Factory orders, Fed comments, Lumber prices

US Factory Orders Fall the Most in 6 Months

New orders for US manufactured goods fell 0.8% in April, the most since October last year, due to lower demand for transportation equipment, computers and electronic orders, and primary metals. Meanwhile, shipments of manufactured goods declined 0.5% in April, the largest drop since April 2017.

Highlights

At an as-expected minus 0.8 percent, April’s factory orders report closes the book on what was a weak month for US manufacturing. The split between the report’s two main components shows a 0.5 percent rise for nondurable goods — the new data in today’s report where strength is tied to petroleum and coal — and a 2.1 percent dip for durable orders which is unrevised from last week’s advance reading.

Core capital goods (nondefense ex-aircraft) are very weak in the report, down 1.0 percent for orders and unchanged for shipments. Both readings hint at slowing for second-quarter business investment. General weakness is evident in the market breakdown with orders for primary metals, fabrications, machinery, and new vehicles all weak.

Data on civilian aircraft are always volatile month-to-month but April’s declines in new orders and unfilled orders were limited, suggesting that possible effects from the 737 grounding have yet to hit. Aside from this, however, the April factory report is consistent with a sector that continues to struggle and, unlike last year, does not look to contribute to 2019 growth.

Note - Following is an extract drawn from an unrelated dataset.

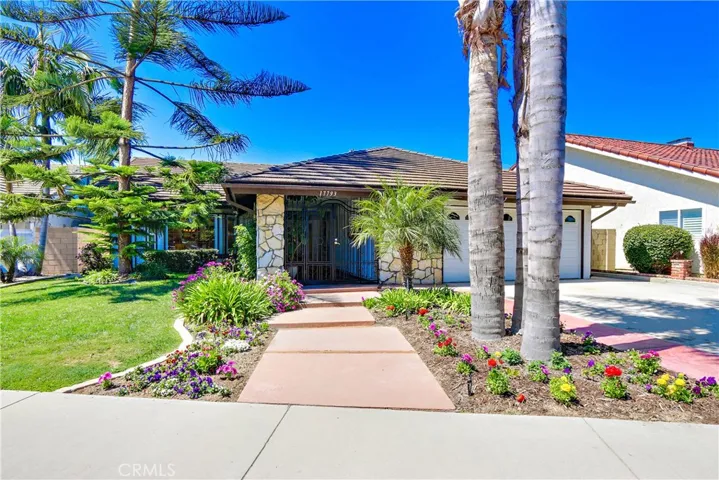 17793 Toiyabe Street, Fountain Valley, California 92708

Seems the Fed Chairman and ‘the market’ still don’t know they’ve had the interest rate thing backwards. Lower rates remove interest income from the economy as the US Treasury pays less interest on its net spending, causing net spending to decrease.

This is today’s statement that is driving today’s expectations of growth:

The Fed “will act as appropriate to sustain the expansion, with a strong labor market and inflation near our symmetric 2 percent objective”, Chair Jerome H. Powell said at a conference in Chicago. The chairman also noted that the proximity of interest rates to the effective lower bound (ELB) has become “the preeminent monetary policy challenge of our time”, as it limits the central bank’s ability to support growth by cutting rates.